5. Secondly, t he reasoning states further (in paragraph 56):

“The Court notes that, in consequence, in the decision of 14 May 2008 the Supreme Court had to examine whether the lower courts had correctly applied substantive law”.

This is not fully accurate, as the Supreme Court did not have the power to examine whether the lower courts had correctly applied substantive law in general, but could only address certain grievances concerning the application of substantive law insofar as the legal issues in question had not been addressed in the Supreme Court ’ s judgment of 29 November 2005 (see A rticle 398 20 of the Code of Civil Procedure, quoted above).             

6. Thirdly, the reasoning goes further in paragraph 57:

“The Court therefore concludes that there was a link between the significant elements examined by the Wrocław Court of Appeal dealing with the appeal against the first-instance judgments given in the case and subsequently by the Supreme Court”.

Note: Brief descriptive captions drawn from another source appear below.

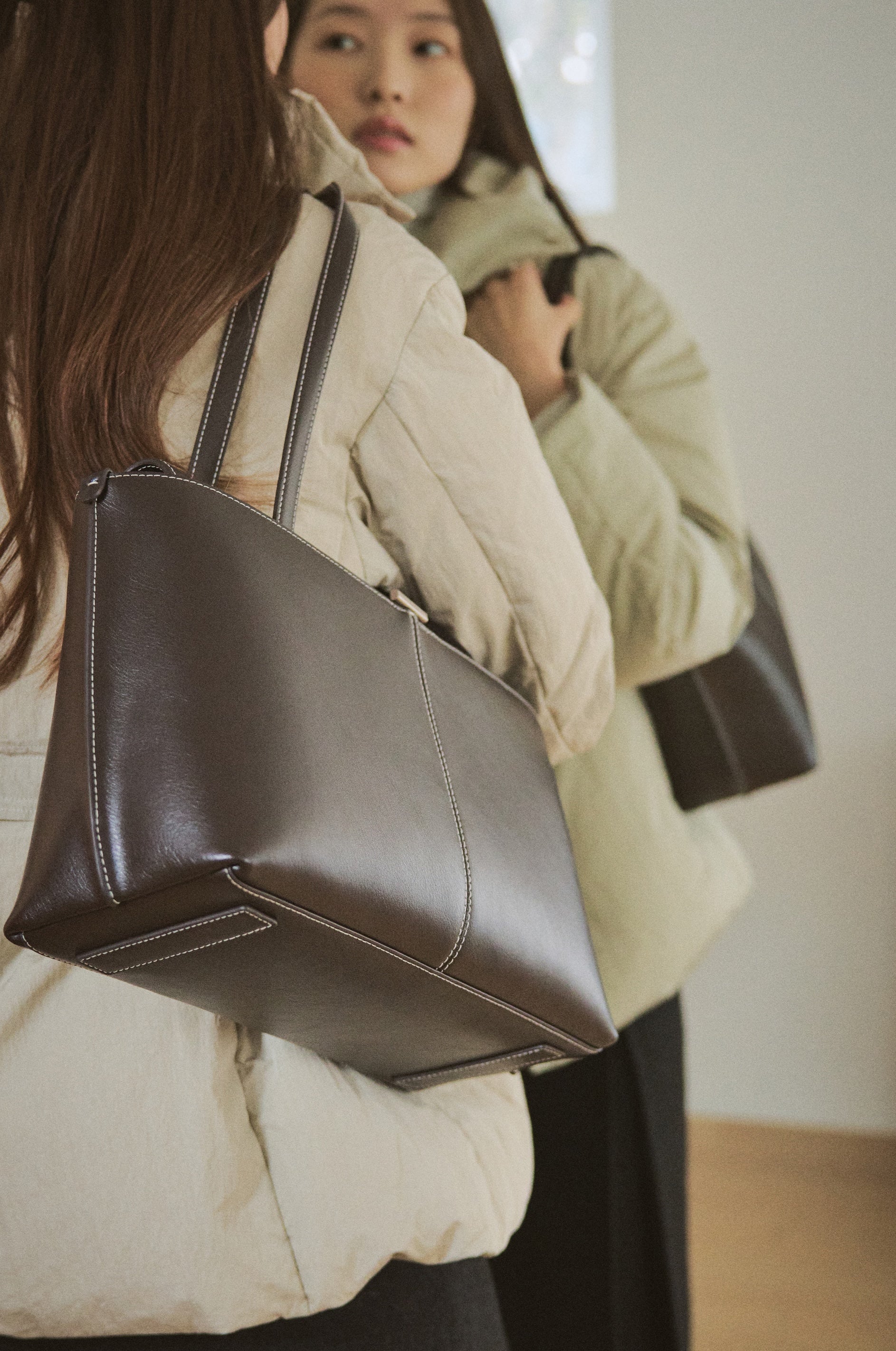 PANIER FLAP BAG (ORGAN BROWN)
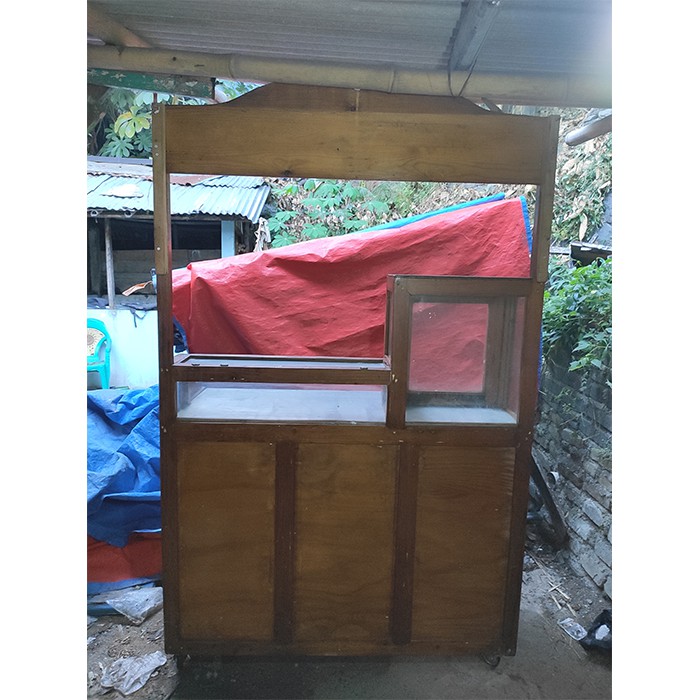 Booth Jualan Kayu Jati Belanda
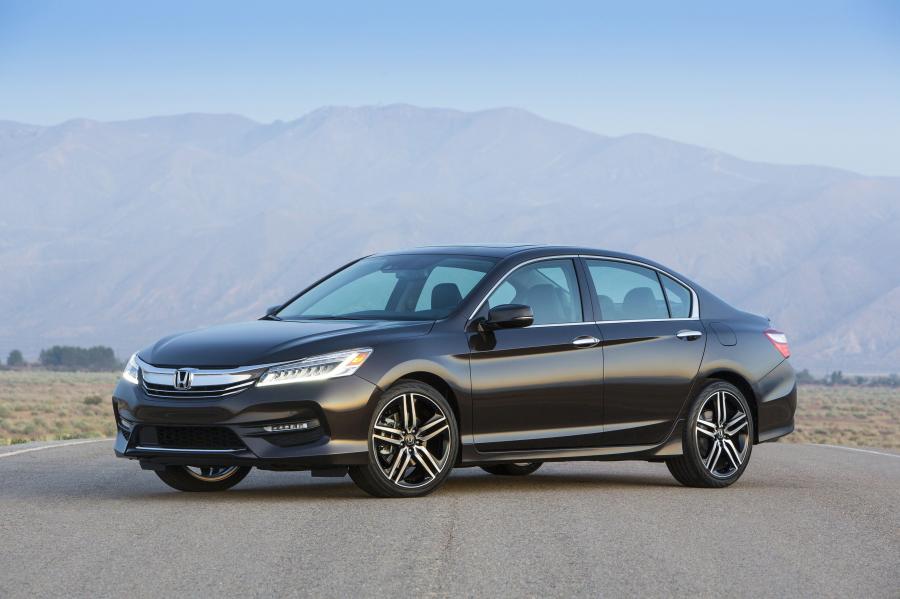  Honda Accord Touring 2016 года  (US) (фото 15 из 33)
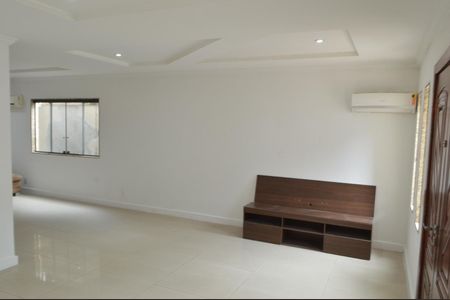 Casa de condomínio à venda com 201m², 3 quartos e 2 vagasSala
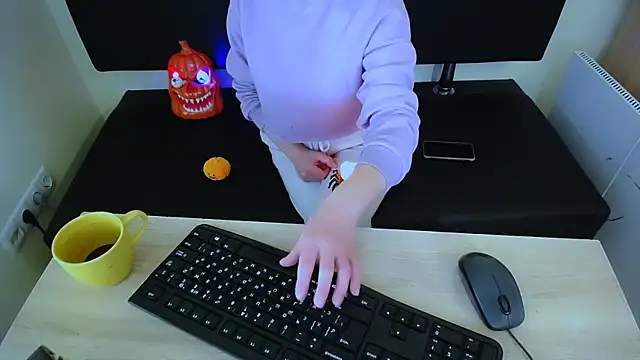 Snapshot of LaimaV_ chatting on 10/31/25, 10:05 LaimaV online show from 10/31/25, 10:05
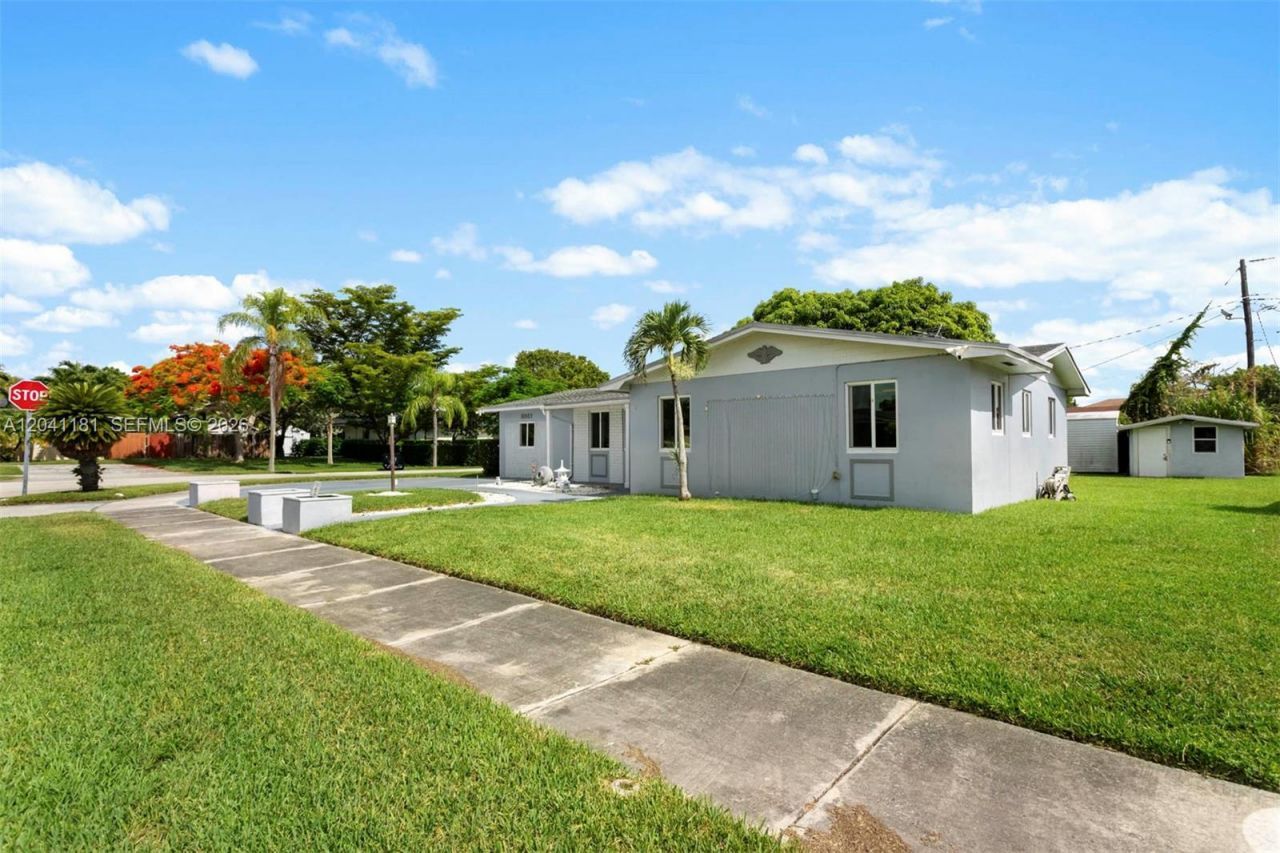 8981 SW 127th Ter, Miami, FL 33176 Photo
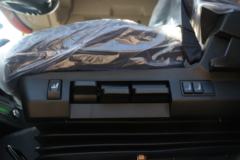 一汽解放 新J6P重卡 质惠版2.0 420马力 6X4牵引车(CA4250P66K24T1A1E5)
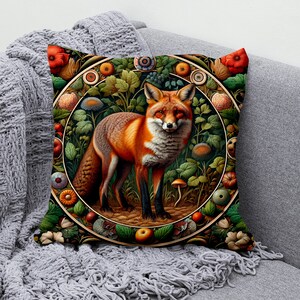 Könnte beinhalten: Ein dekoratives Kissen mit einer detaillierten Illustration eines roten Fuchses, der in einem üppigen grünen Wald mit einem kreisförmigen Rand aus Blumen, Blättern und Pilzen steht.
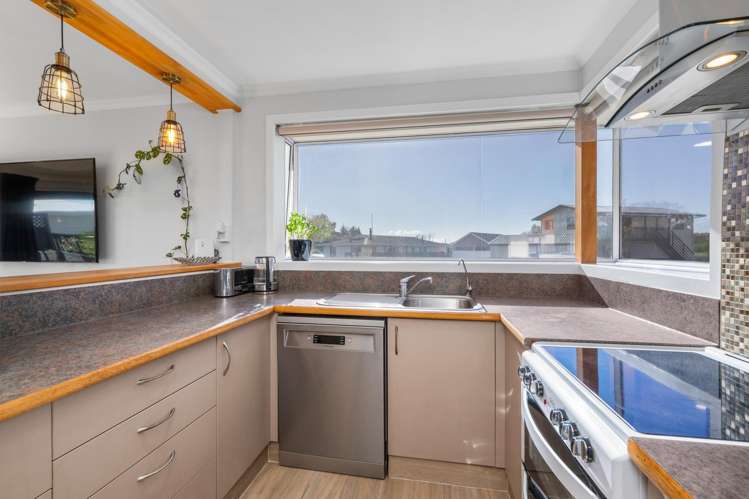 4 Chante Crescent Renwick_13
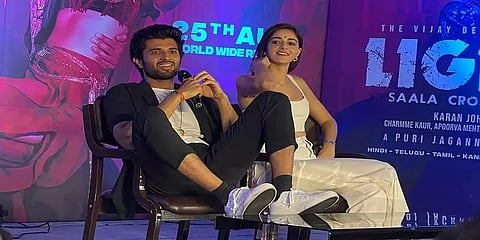 மேசை மீது கால் போட்டு பேட்டியளித்த தேவரகொண்டா.! சர்ச்சை எதிரொலிப்பு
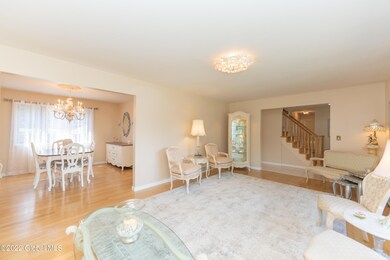 2 Middle Rd, Troy, NY 12180 - photo 5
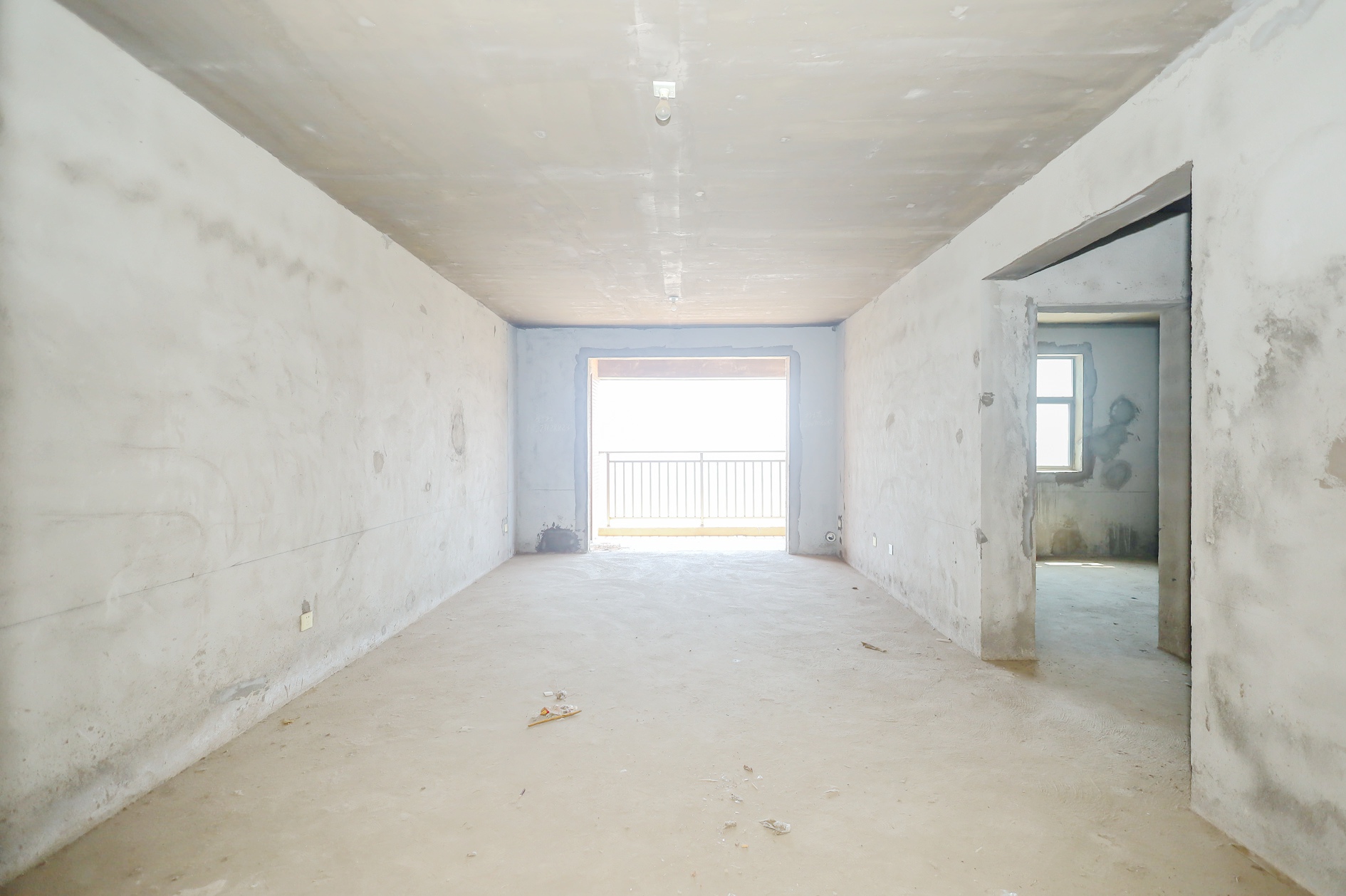 长永佳苑  2室2厅1卫    47.8万 长永佳苑  2室2厅1卫    47.8万客厅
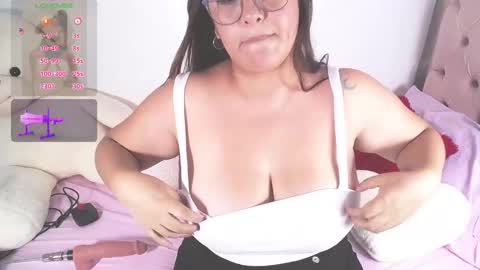 Snapshot of duna20_ chatting on 24, 2, 2025 Emi online show from 24, 2, 2025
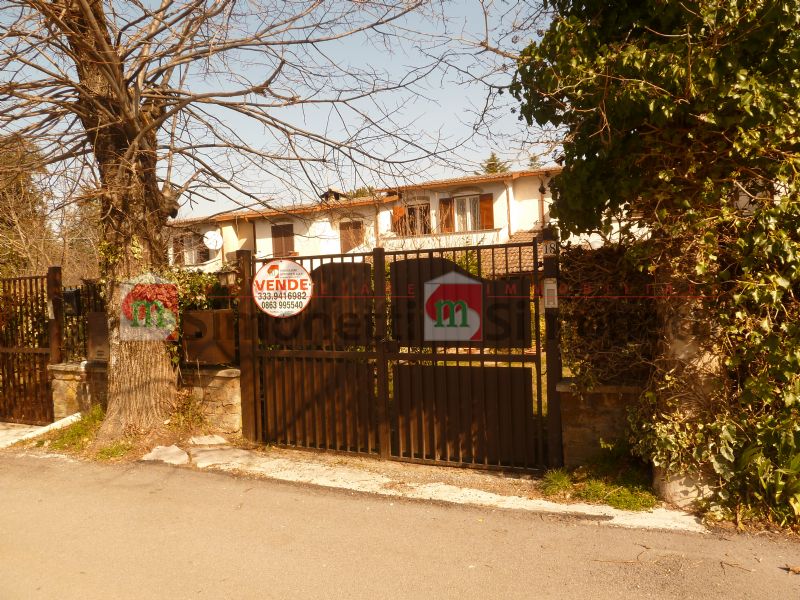 Villa a Schiera Rocca di Botte via BONIFACIO GRAZIANI 18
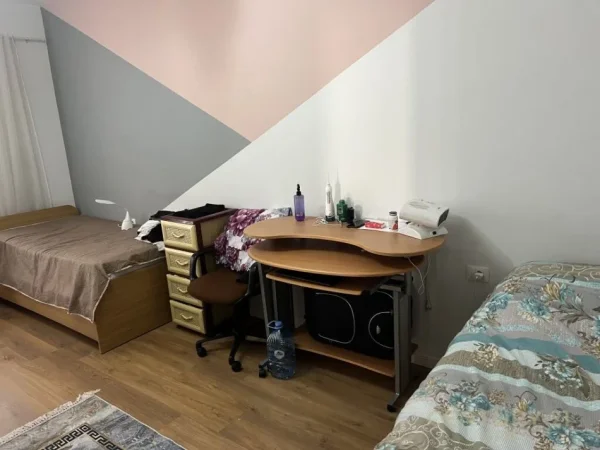 Tirane, jepet me qera apartament 2+1 Kati 4, 93 m² 550 € (Vasil Shanto)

This statement triggers at least three objections. Primo , the test applied is whether a link exists; it is then necessary to identify correctly the judicial decisions that were reached with the participation of the same judge. The crucial question is not whether there was a link between the significant elements examined by the Wrocław Court of Appeal dealing with the appeal against the first-instance judgments in the case and subsequently by the Supreme Court, but whether there was a link between the significant elements examined by the Wrocław Court of Appeal in its judgment of 15 November 2000 dealing with the appeal against the first-instance judgment in the case and the judgment of the Supreme Court of 14 May 2008 examining the second cassation appeal.

Secundo , it is necessary to identify the specific issues which were determined at the two stages. These issues were referred to very generally as the substance of the case and whether the lower courts had correctly applied substantive law , which is a qualification lacking the necessary precision.

Tertio , the two judicial decisions deal with different legal issues of the substantive law that is applicable in the instant case. There is no doubt that there is a certain link between the elements dealt with in the two judicial decisions, in that the issues under consideration are different aspects of the same case. On the other hand, the link is remote, since in its decision of 14 May 2008 the Supreme Court merely stated that at this stage of the proceedings it was legally prevented from reconsidering the issue referred to by the Wrocław Court of Appeal in its judgment of 15 November 2000.

7. Fourthly, paragraph 58 of the judgment states:

“The Court is of the view that this situation is to some extent similar to those it examined in the cases of San Leonard Band Club v. Malta, no. 77562/01, §§ 63- 64, ECHR 2004-IX, and of Toziczka, cited above, §§ 40 43, where the same judges had been called upon to decide whether or not they themselves had committed an error of lega l interpretation or application . ”

There is no doubt that there are certain similarities with the above-mentioned cases, but their nature has not been explained in the reasoning. There is, however, also an important difference: in the instant case the same judges did not have to decide whether or not they themselves had committed an error of legal interpretation or application.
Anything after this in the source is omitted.